◆ **Instructions for the task**: In the listing below, find the line holding "bokomslag Immersion Bible" and the line holding "Title: Measurement Across". Write out those two lines and all lines between, exactly, and nothing more.

◆ **Supplied data**:
::::

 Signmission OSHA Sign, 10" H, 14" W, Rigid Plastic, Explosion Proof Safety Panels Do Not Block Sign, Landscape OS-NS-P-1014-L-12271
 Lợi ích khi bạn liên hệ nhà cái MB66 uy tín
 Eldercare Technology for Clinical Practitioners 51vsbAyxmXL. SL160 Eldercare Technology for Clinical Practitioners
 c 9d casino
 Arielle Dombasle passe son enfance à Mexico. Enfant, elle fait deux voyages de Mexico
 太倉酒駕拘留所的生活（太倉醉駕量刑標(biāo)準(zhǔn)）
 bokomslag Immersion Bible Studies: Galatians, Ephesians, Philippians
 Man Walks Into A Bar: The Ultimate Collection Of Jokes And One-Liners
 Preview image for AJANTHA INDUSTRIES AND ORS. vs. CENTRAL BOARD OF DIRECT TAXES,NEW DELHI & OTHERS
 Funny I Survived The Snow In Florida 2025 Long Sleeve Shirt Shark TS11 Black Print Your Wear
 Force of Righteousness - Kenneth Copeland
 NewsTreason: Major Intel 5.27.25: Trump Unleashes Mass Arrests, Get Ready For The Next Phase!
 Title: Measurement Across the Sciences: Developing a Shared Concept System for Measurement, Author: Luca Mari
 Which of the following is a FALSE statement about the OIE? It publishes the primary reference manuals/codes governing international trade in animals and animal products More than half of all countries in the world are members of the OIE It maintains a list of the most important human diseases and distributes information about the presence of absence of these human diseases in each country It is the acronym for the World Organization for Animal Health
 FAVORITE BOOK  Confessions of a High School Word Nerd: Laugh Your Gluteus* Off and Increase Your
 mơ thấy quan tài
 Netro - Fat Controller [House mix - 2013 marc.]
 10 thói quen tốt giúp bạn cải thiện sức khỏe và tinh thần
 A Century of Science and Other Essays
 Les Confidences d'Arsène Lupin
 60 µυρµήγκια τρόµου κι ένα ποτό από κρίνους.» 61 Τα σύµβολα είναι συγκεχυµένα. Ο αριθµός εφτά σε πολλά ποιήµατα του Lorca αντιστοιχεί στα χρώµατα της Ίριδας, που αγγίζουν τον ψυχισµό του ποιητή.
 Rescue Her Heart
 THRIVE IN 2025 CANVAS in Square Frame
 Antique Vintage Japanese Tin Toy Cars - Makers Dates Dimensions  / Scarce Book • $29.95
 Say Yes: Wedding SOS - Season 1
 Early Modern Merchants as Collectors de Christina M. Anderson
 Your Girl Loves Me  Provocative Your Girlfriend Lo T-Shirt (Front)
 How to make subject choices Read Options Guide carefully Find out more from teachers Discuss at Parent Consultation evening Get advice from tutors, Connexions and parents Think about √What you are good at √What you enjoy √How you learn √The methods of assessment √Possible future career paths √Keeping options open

::::

◆ **Response to the exercise**:
 bokomslag Immersion Bible Studies: Galatians, Ephesians, Philippians
 Man Walks Into A Bar: The Ultimate Collection Of Jokes And One-Liners
 Preview image for AJANTHA INDUSTRIES AND ORS. vs. CENTRAL BOARD OF DIRECT TAXES,NEW DELHI & OTHERS
 Funny I Survived The Snow In Florida 2025 Long Sleeve Shirt Shark TS11 Black Print Your Wear
 Force of Righteousness - Kenneth Copeland
 NewsTreason: Major Intel 5.27.25: Trump Unleashes Mass Arrests, Get Ready For The Next Phase!
 Title: Measurement Across the Sciences: Developing a Shared Concept System for Measurement, Author: Luca Mari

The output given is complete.